◆ **Try it**
Retype the line with "Other The Offspring" exactly. Then retype every line after it through the end of the entries below, and nothing more, leaving out pictures.

◆ **Information shown**
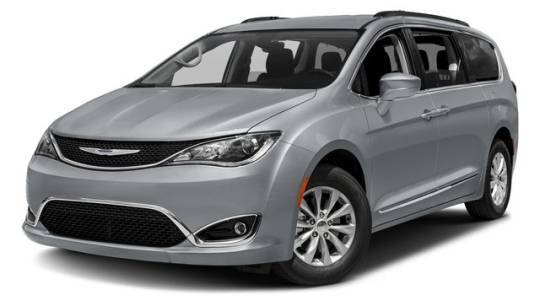 2017 Chrysler Pacifica Limited — Minivan — 139,015 mi — Overland Park, KS
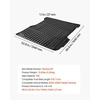 image:imageVEVOR Truck Bed Mat TPE Compatible with 20222026 Nissan Frontier Bed Heavy Duty Custom Fit All Weather Protection Pickup Car Trunk Liner Replacement for 20222026 Nissan Frontier Accessories20242026 Toyota Tacoma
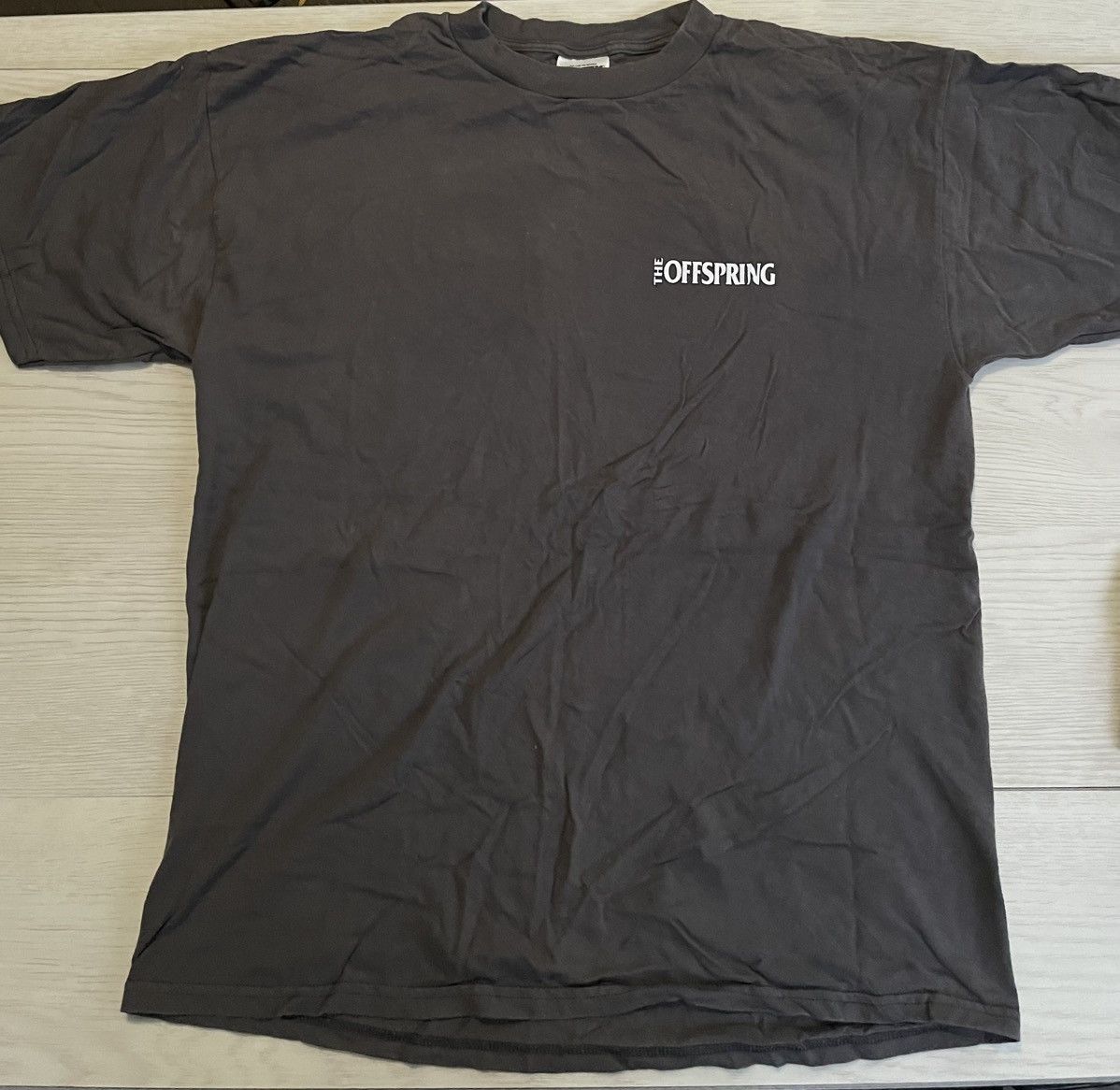Other The Offspring 1998 Americana tour XL shirt vintage rare Size US XL / EU 56 / 4 - 4 Thumbnail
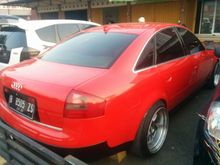 2001 Audi A6 2.8 C5 Sedan
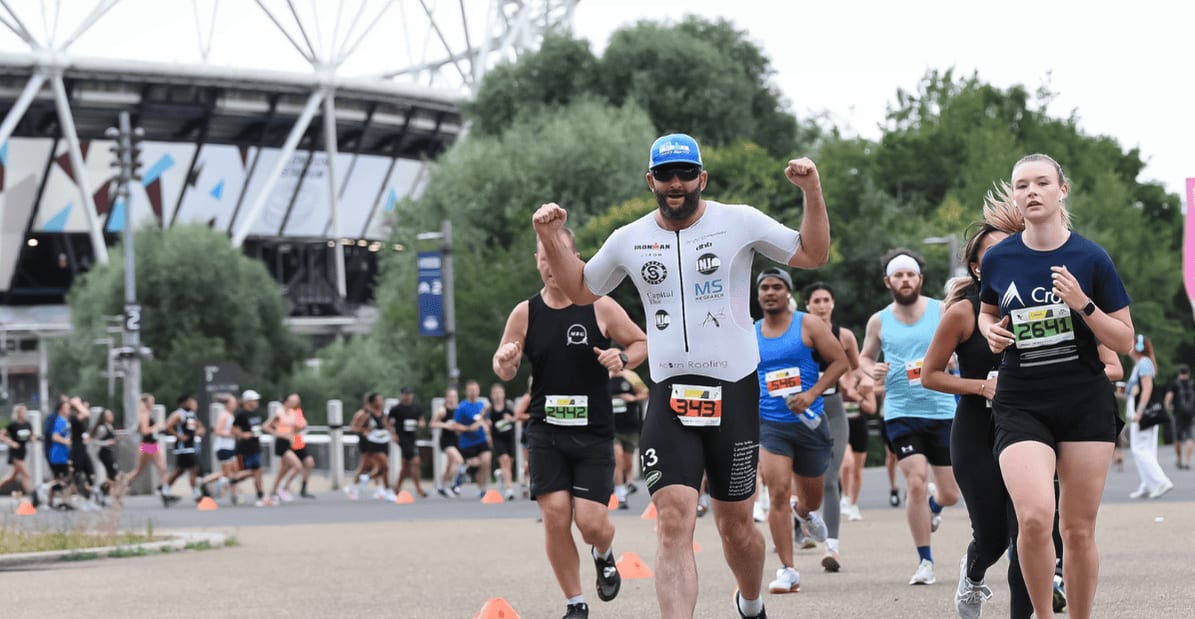 Chase The Sun QE Olympic Park 5k & 10k August 2026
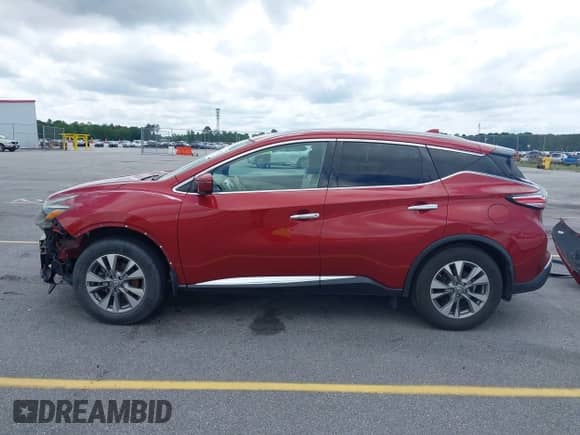2018 Nissan Murano SL z VIN 5N1AZ2MG7JN203741, wystawiony jako IAAI lot #42344966 z przebiegiem 89 443 mil mil oraz . Historia ofert i sprzedaży dostępna na DreamBid. Obrazek 15.
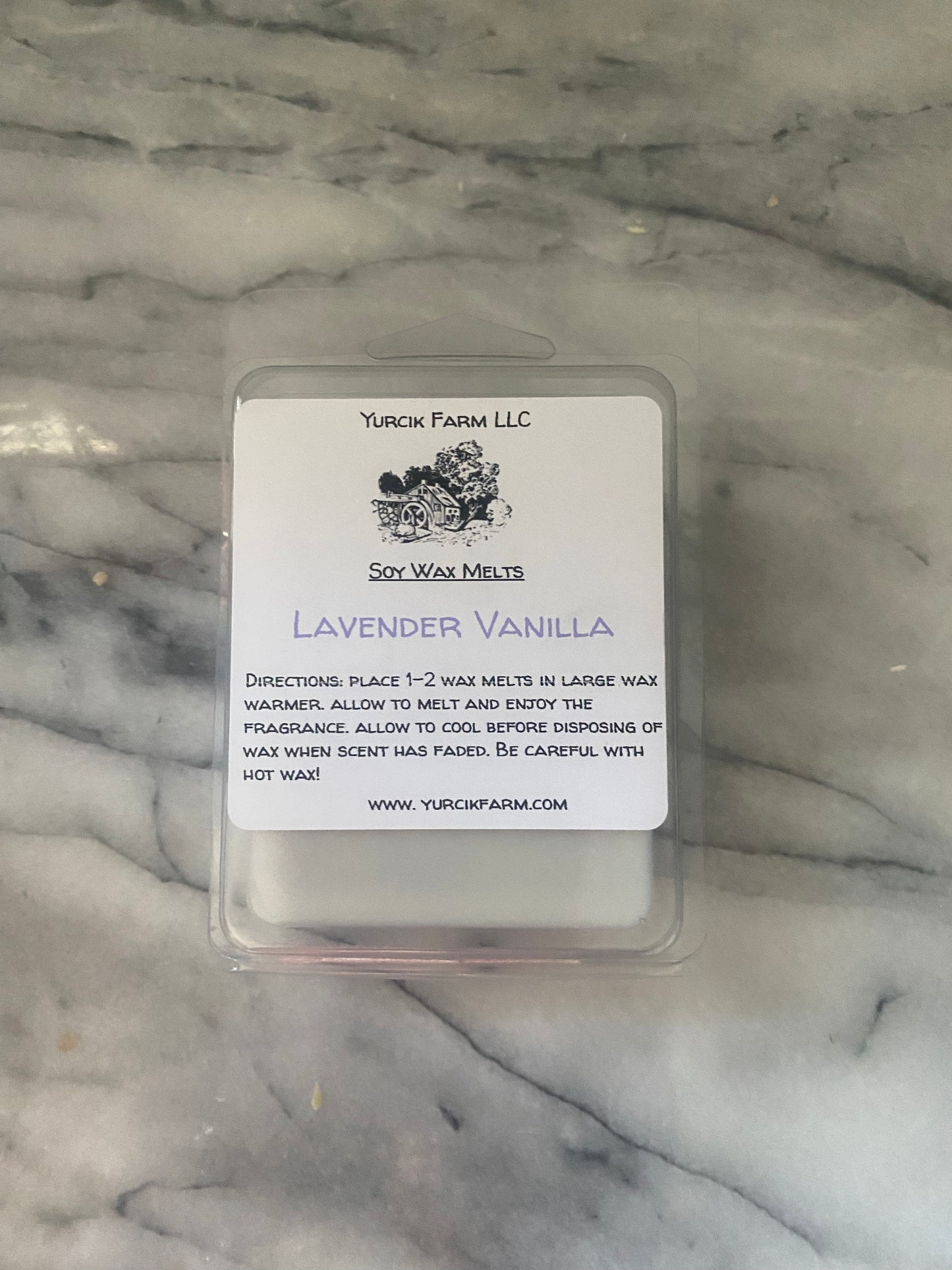 Soy wax melts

◆ **Expected answer**
Other The Offspring 1998 Americana tour XL shirt vintage rare Size US XL / EU 56 / 4 - 4 Thumbnail
 2001 Audi A6 2.8 C5 Sedan
 Chase The Sun QE Olympic Park 5k & 10k August 2026
2018 Nissan Murano SL z VIN 5N1AZ2MG7JN203741, wystawiony jako IAAI lot #42344966 z przebiegiem 89 443 mil mil oraz . Historia ofert i sprzedaży dostępna na DreamBid. Obrazek 15.
 Soy wax melts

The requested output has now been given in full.